▸ **Problem to work on**:
Leaving the pictures aside, return the listing exactly as it appears.

----------------

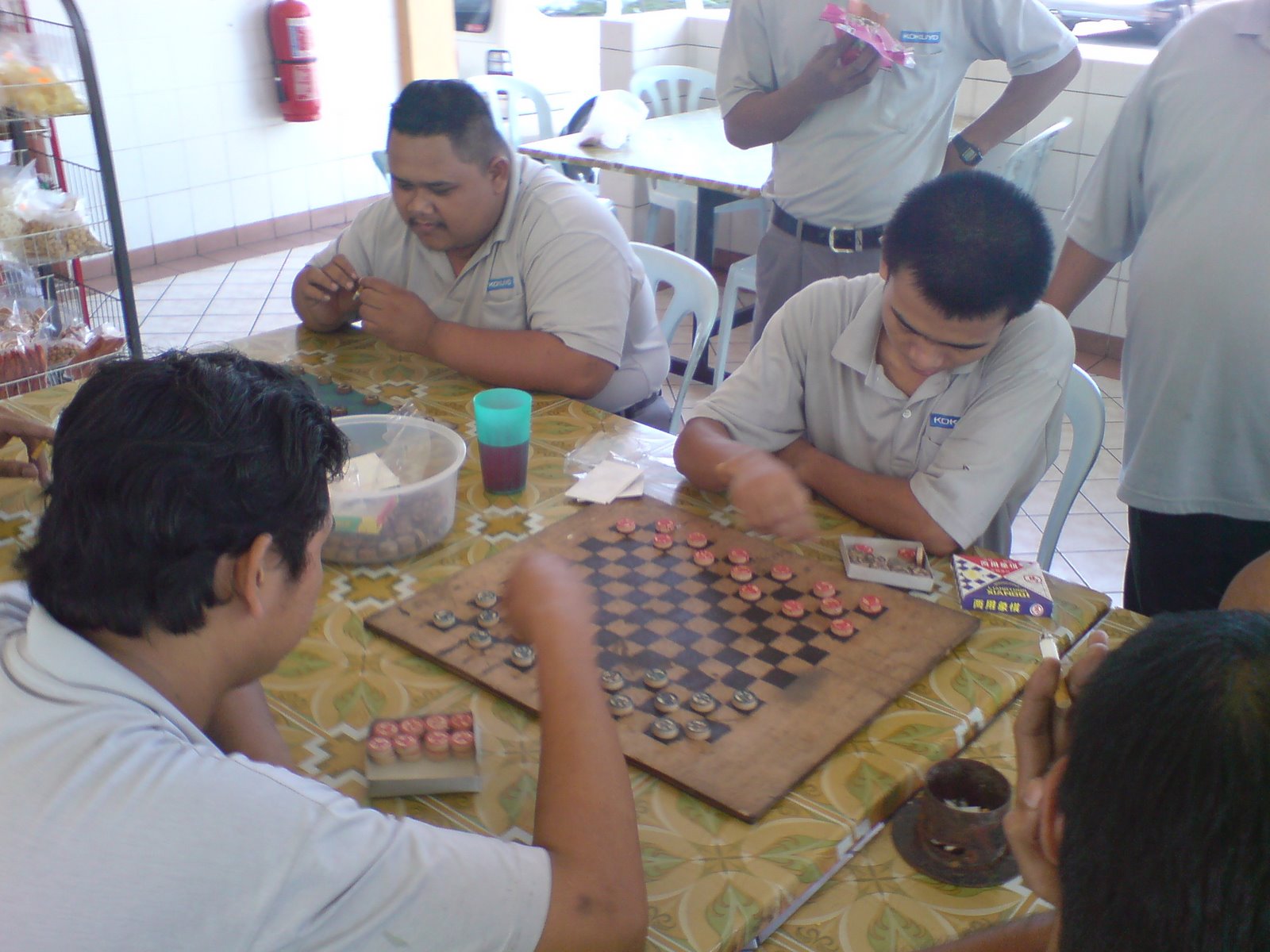 [DSC01013.JPG]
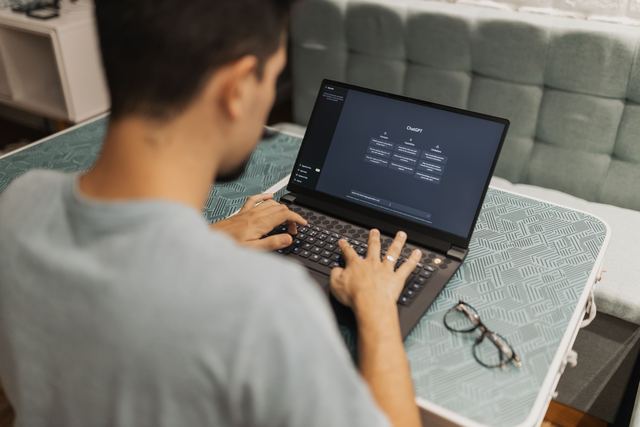 Les meilleurs éditeurs de texte pour Windows, du gratuit au professionnel Les meilleurs éditeurs de texte pour Windows, du gratuit au professionnel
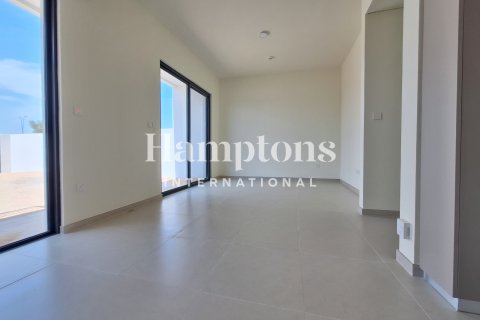 Villa en Dubai South (Dubai World Central), Dubai, 3 dormitorios, 151.04912964 m², № 84488 - foto 6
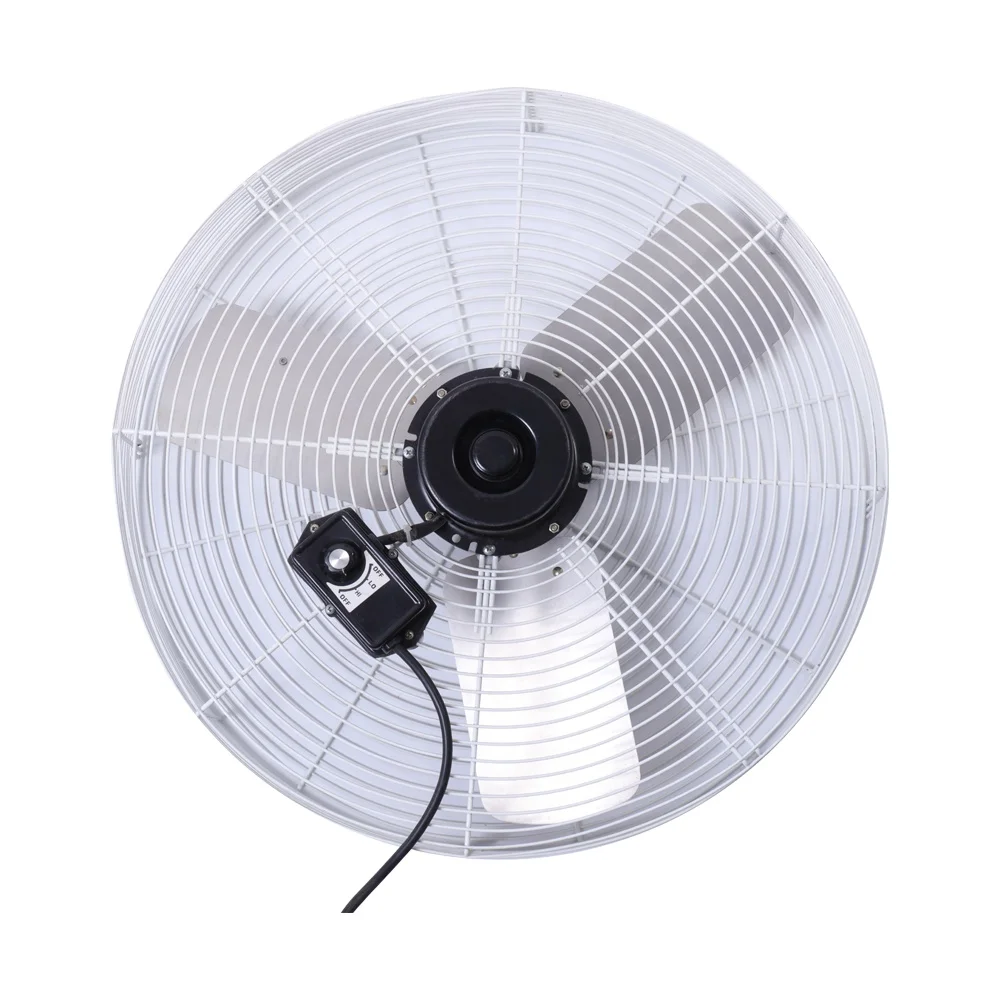 low noise fan pigs exhaust fans for pig farm
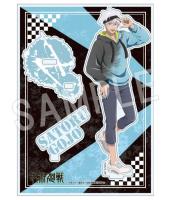 Au Webポータル Auショッピング検索で 呪術廻戦 グッズ 五条 を検索 3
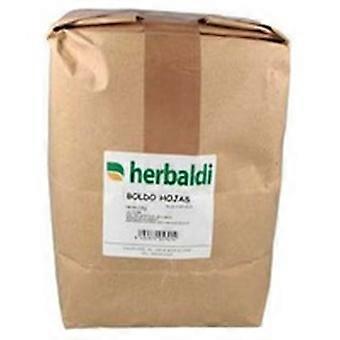 boldo herb 1 kg
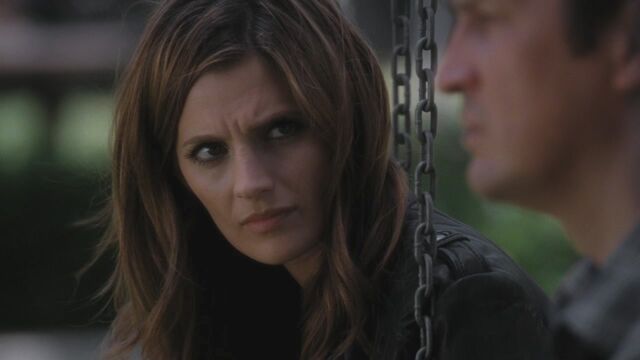 File:4-01-Rise-kate-beckett-25637120-1280-720.jpg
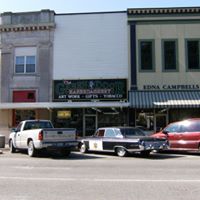 Jerry Caldwell Photo 10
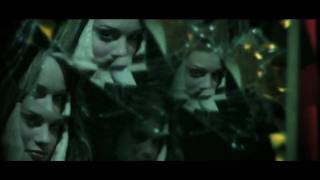 LACUNA COIL - Shallow Life Trailer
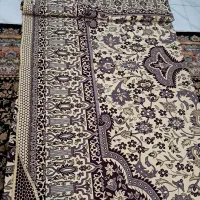 روفرشی ۱۲متری
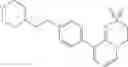 Fig. 103 - Heterocyclic compound and use thereof
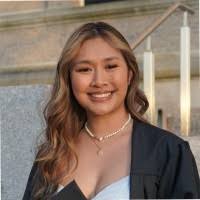 10100+ "Şar" profiles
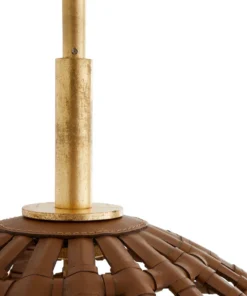 Arteriors Home Mosella Pendant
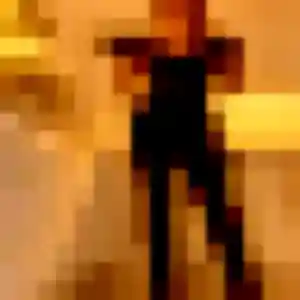 Abena, 28 ans, cherche un plan cul à Cluny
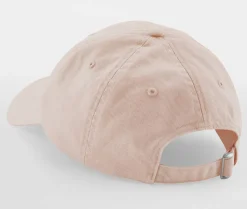 Pack de 144 Beechfield BF653 - Casquette Sportive 6 Panneaux en Coton Chino
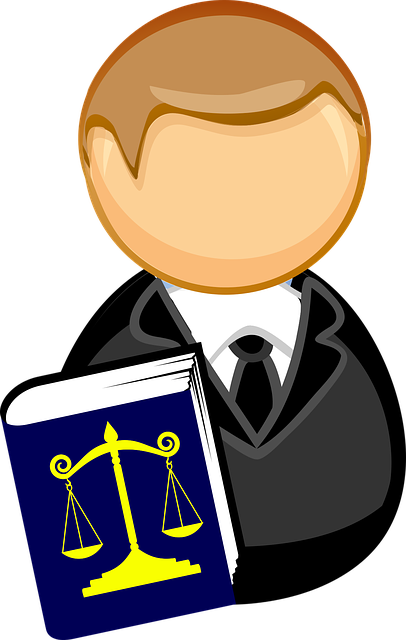 lawyer-attorney-law-judge-640x480-49633458.png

----------------

▸ **Answer to this problem**:
 [DSC01013.JPG]
 Les meilleurs éditeurs de texte pour Windows, du gratuit au professionnel Les meilleurs éditeurs de texte pour Windows, du gratuit au professionnel
 Villa en Dubai South (Dubai World Central), Dubai, 3 dormitorios, 151.04912964 m², № 84488 - foto 6
 low noise fan pigs exhaust fans for pig farm
 Au Webポータル Auショッピング検索で 呪術廻戦 グッズ 五条 を検索 3
 boldo herb 1 kg
 File:4-01-Rise-kate-beckett-25637120-1280-720.jpg
 Jerry Caldwell Photo 10
 LACUNA COIL - Shallow Life Trailer
 روفرشی ۱۲متری
 Fig. 103 - Heterocyclic compound and use thereof
 10100+ "Şar" profiles
 Arteriors Home Mosella Pendant
 Abena, 28 ans, cherche un plan cul à Cluny
 Pack de 144 Beechfield BF653 - Casquette Sportive 6 Panneaux en Coton Chino
 lawyer-attorney-law-judge-640x480-49633458.png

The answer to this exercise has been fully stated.